Sorry, friedo…I meant that genetic thing as a friendly jest, but also expressing a certain amount of frustration that you seem to disregard how money continues to circulate in some cases while considering it in others. I was just marveling at what I see as the inconsistency of this. (And, it isn’t just you…that sort of basic inconsistency seems to be very prevalent in the debate about tax cuts.) I didn’t mean to insult you.

By the way, looking back at the last couple sentences of my post, I don’t mean to imply that I disagree that creating jobs is better than handouts. What I am questioning is whether giving tax relief to the wealthy really creates more jobs than tax relief for those less well off who go out and spend that money on goods and services.

Hope that those two clarifications help.

Sigh. There really is no reason to have a debate on this. Sometimes it’s trickle-up, sometimes it’s trickle-down. Or, to put it another way, sometimes Capital has the upper hand over Labor, sometimes Labor has the upper hand over Capital.

As for taxes in the U.S., we should just go back to the 15/28 and capital gains taxed as ordinary income we had from 1986 to 1990. This was a good, simple, compromise. Except that today, the Democrats would never agree to two tax brackets, and the Republicans would never agree to having capital gains taxed as ordinary income.

Both sides are being bull-headed, IMO.

The last time trickle down was tried, the rich bought things like Mexican factories, German cars, Japanese electronics. Little benefit to the US from what I see.

wow…what an informed statement…as though what the “rich” (whomever they may be and however it is you define them) owe you any sort of accountability as to their spending/investment habits.

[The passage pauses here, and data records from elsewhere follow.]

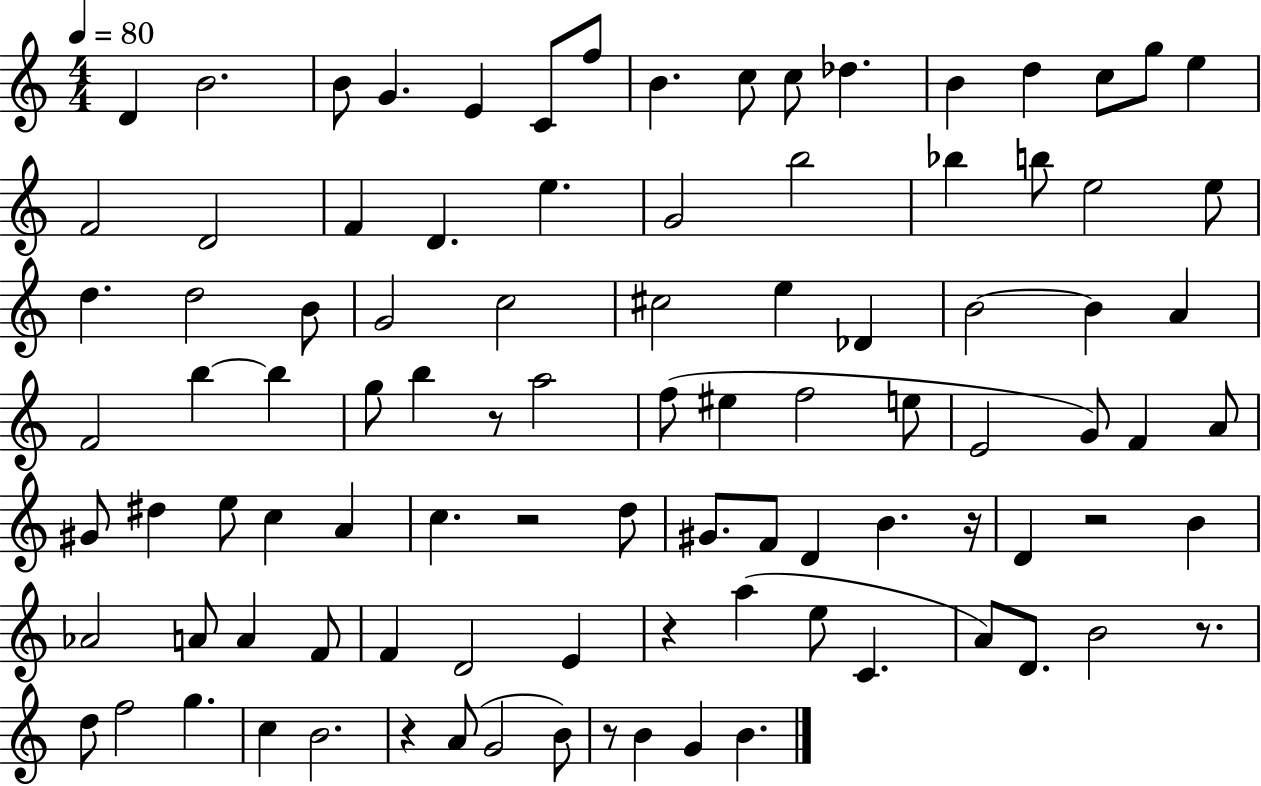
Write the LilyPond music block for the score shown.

{
  \clef treble
  \numericTimeSignature
  \time 4/4
  \key c \major
  \tempo 4 = 80
  d'4 b'2. | b'8 g'4. e'4 c'8 f''8 | b'4. c''8 c''8 des''4. | b'4 d''4 c''8 g''8 e''4 | \break f'2 d'2 | f'4 d'4. e''4. | g'2 b''2 | bes''4 b''8 e''2 e''8 | \break d''4. d''2 b'8 | g'2 c''2 | cis''2 e''4 des'4 | b'2~~ b'4 a'4 | \break f'2 b''4~~ b''4 | g''8 b''4 r8 a''2 | f''8( eis''4 f''2 e''8 | e'2 g'8) f'4 a'8 | \break gis'8 dis''4 e''8 c''4 a'4 | c''4. r2 d''8 | gis'8. f'8 d'4 b'4. r16 | d'4 r2 b'4 | \break aes'2 a'8 a'4 f'8 | f'4 d'2 e'4 | r4 a''4( e''8 c'4. | a'8) d'8. b'2 r8. | \break d''8 f''2 g''4. | c''4 b'2. | r4 a'8( g'2 b'8) | r8 b'4 g'4 b'4. | \break \bar "|."
}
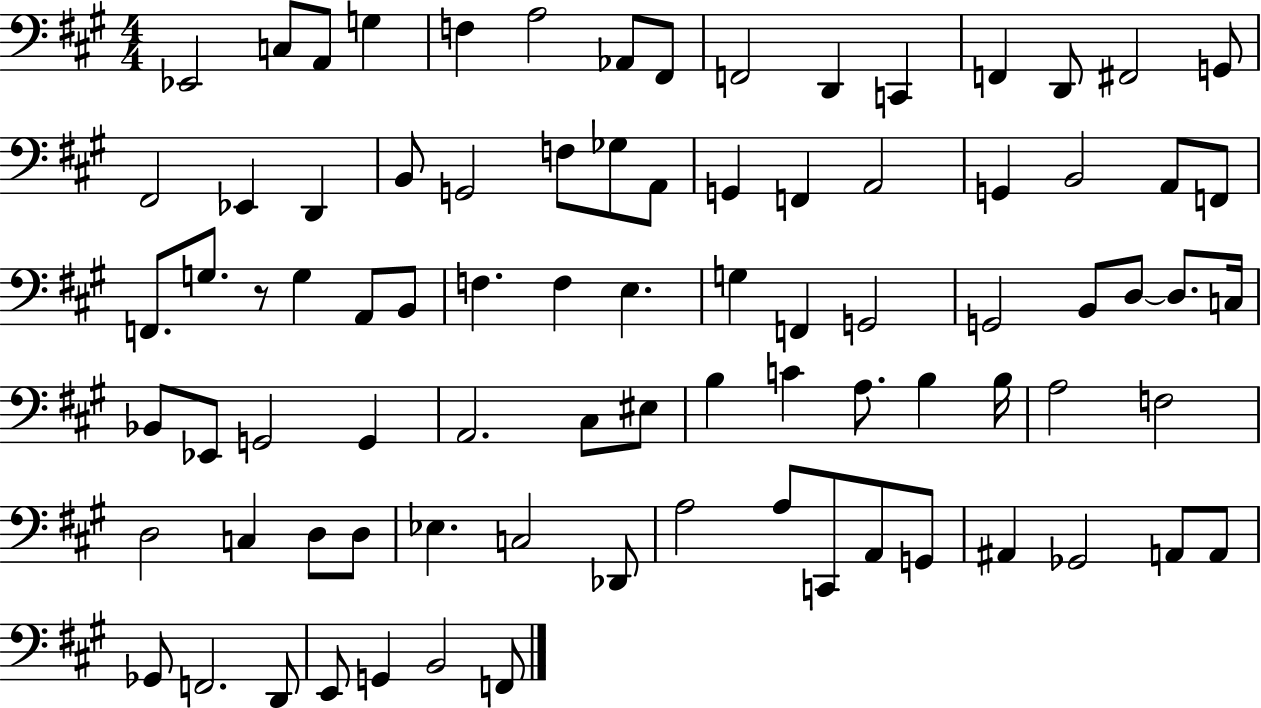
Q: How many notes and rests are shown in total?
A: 84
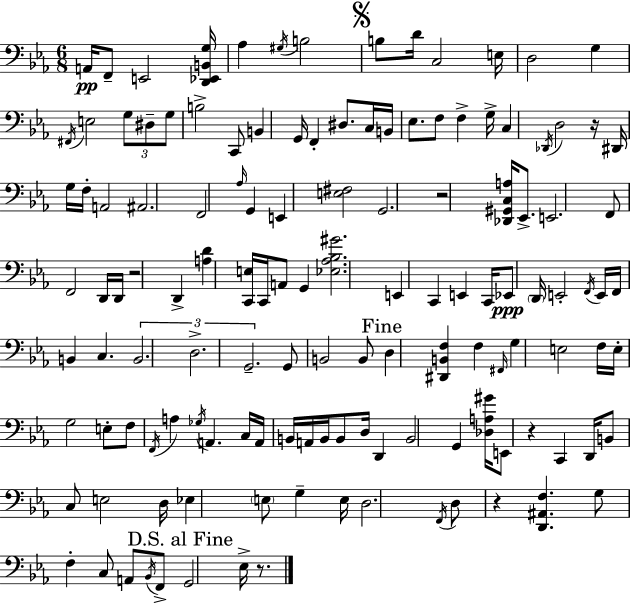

Not quite. “Treasury I”, the Reagan administration’s first stab at tax reform (as opposed to their earlier tax cutting effort) had identical rates for wages and capital gains. The Wall Street Journal approved, noting the accounting gymnastics done to switch income from the high tax type to the low tax type.

I had thought that this part was preserved in the 1986 tax plan. IIRC, the deal started to unravel when top rates started being increased while the cap gains rate stayed the same for high income people.

I’m not entirely sure how the Republicans (and Democrats for that matter) came to care less and less about the principles embodied in the 1986 tax reform.